Ciò che si è sviluppato pervertendo ogni ordine di natura, capovolgendo le gerarchie e gli equilibri deve, una volta raggiunto il suo massimo grado di sovversione, dissolversi per lasciar posto ad un ritrovato ordine. Ma non senza urto e dolore. I due anni di restringimento di tutte le libertà e di negazione di qualsivoglia principio di giustizia, l’ombra di una guerra che potrebbe incendiare l’intero pianeta sono segnali più che evidenti che non siamo affatto lontani da questa fine. A scanso di equivoci, chiariamo subito che negli anni che seguiranno potremmo tanto precipitare in linea retta e sempre più velocemente lungo il baratro, come risollevarci temporaneamente nella parentesi di una riscritta pace, prima di salutare la fine di questo eone ed entrare tumultuosamente nel successivo. Quello che allora si mostra già agli occhi di chi ha provveduto a liberarsi di alcuni veli, è un mondo di fantasmi e di macerie, al quale non bisogna affatto aggrapparsi. Davanti all’inconsistenza polverosa che si palesa agli occhi, occorre al contrario munirsi di badile per liberare il campo dai detriti ed edificare nuovi e più bei palazzi.

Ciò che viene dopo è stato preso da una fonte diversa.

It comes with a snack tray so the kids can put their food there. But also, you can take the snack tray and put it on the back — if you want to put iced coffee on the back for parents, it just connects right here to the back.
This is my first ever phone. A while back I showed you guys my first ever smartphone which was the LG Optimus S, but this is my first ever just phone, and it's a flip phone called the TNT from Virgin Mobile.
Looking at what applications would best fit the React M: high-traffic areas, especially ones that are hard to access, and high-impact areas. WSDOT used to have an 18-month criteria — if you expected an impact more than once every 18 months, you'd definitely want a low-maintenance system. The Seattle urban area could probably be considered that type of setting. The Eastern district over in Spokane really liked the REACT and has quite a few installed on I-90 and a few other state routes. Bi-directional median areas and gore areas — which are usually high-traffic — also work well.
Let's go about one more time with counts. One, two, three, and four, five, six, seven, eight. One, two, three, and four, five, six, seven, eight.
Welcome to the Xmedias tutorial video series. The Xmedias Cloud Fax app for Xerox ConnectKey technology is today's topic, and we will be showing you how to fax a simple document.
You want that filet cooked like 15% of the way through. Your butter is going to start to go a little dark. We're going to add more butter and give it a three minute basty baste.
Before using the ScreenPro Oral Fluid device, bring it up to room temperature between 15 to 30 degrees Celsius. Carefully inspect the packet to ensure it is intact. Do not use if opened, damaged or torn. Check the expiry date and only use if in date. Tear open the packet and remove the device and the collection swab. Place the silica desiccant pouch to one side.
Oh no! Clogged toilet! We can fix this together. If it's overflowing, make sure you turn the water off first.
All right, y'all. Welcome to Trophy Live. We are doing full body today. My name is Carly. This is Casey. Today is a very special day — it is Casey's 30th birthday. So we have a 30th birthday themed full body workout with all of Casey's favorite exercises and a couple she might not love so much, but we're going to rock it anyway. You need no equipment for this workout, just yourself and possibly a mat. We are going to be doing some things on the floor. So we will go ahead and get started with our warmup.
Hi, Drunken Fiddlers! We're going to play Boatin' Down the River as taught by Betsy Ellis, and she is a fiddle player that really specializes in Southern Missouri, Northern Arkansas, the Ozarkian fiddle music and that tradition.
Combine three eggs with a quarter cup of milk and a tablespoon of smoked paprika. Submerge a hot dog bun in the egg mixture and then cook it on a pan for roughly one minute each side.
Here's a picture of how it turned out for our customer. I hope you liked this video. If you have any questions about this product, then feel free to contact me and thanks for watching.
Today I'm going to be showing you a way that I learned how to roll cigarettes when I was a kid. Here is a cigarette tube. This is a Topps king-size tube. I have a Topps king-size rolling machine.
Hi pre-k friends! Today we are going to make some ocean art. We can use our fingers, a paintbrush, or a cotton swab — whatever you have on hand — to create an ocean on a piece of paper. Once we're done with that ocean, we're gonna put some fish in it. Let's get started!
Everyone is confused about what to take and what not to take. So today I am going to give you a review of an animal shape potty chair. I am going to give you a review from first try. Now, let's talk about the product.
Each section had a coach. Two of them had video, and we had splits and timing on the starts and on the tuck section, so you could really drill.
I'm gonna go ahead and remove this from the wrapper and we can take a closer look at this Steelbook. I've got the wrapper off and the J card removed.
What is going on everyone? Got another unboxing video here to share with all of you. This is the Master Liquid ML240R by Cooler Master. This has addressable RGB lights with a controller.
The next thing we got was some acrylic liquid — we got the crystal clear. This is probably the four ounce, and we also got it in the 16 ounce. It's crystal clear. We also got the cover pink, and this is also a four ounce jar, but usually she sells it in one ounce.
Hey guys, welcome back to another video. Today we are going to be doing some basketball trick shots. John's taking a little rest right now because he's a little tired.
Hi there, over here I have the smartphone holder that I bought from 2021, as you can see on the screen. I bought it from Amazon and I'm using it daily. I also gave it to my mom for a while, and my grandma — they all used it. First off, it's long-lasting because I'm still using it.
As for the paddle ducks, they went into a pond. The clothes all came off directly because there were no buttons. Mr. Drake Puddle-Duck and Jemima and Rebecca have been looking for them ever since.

Se però guardiamo a cosa è stato e cosa è tuttora la risposta degli uomini al disfarsi di “questo mondo”, vediamo solo un compulsivo rincorrere notizie e analisi coll’unico scopo di riavere indietro un poco di “normalità”, o al massimo nel progettare un differente quadro socio-economico. Un agire che, seppur portato avanti in buona volontà, rimane offuscato dalla stessa polvere di morte di cui odora la realtà che ci sta attorno. Un agire, un ragionare che è tutta orizzontalità, di chi appunto ancora vede edifici svettanti verso il cielo e non ammassi di pietre; di chi respira ancora gonfiando i polmoni e non avverte invece la stessa polvere che offusca l’aria, impregnare i suoi bronchi; di chi non riesce a lasciare ciò che sta indietro, poiché il passato è conferma alla sua identità: spezzarne il legame equivale a morire.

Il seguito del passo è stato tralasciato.